◆ PROVIDED MATERIAL:
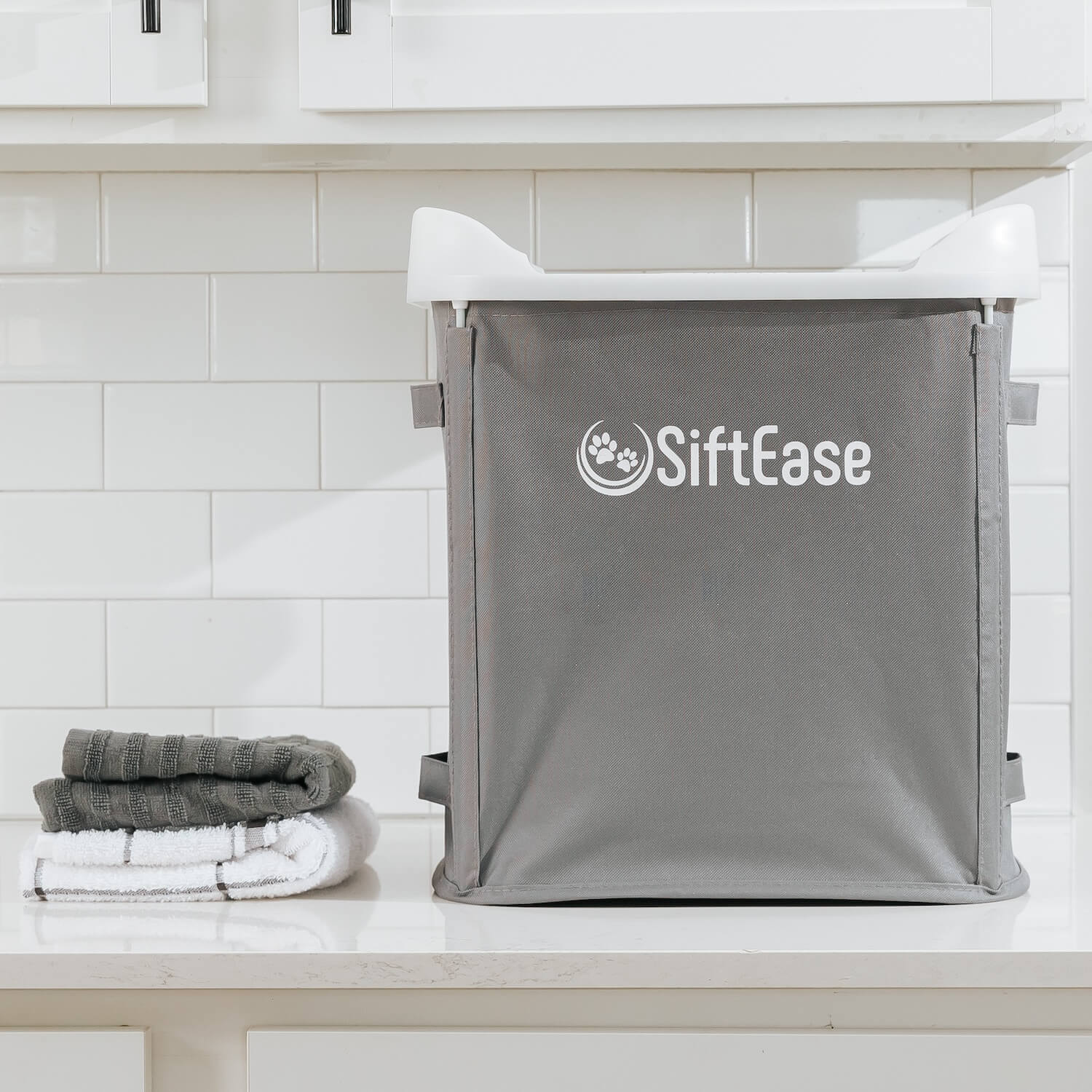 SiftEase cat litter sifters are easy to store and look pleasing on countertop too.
...
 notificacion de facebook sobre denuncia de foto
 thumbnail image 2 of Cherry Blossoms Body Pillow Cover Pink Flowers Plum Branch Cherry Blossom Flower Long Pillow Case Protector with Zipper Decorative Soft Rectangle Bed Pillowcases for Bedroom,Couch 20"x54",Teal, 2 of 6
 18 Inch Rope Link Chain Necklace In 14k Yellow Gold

◆ TASK BRIEF:
Among the entries above, find the line with "thumbnail image 2" and the line with "18 Inch Rope"; give again exactly these two lines and all lines between them.

◆ SOLVED EXERCISE:
 thumbnail image 2 of Cherry Blossoms Body Pillow Cover Pink Flowers Plum Branch Cherry Blossom Flower Long Pillow Case Protector with Zipper Decorative Soft Rectangle Bed Pillowcases for Bedroom,Couch 20"x54",Teal, 2 of 6
 18 Inch Rope Link Chain Necklace In 14k Yellow Gold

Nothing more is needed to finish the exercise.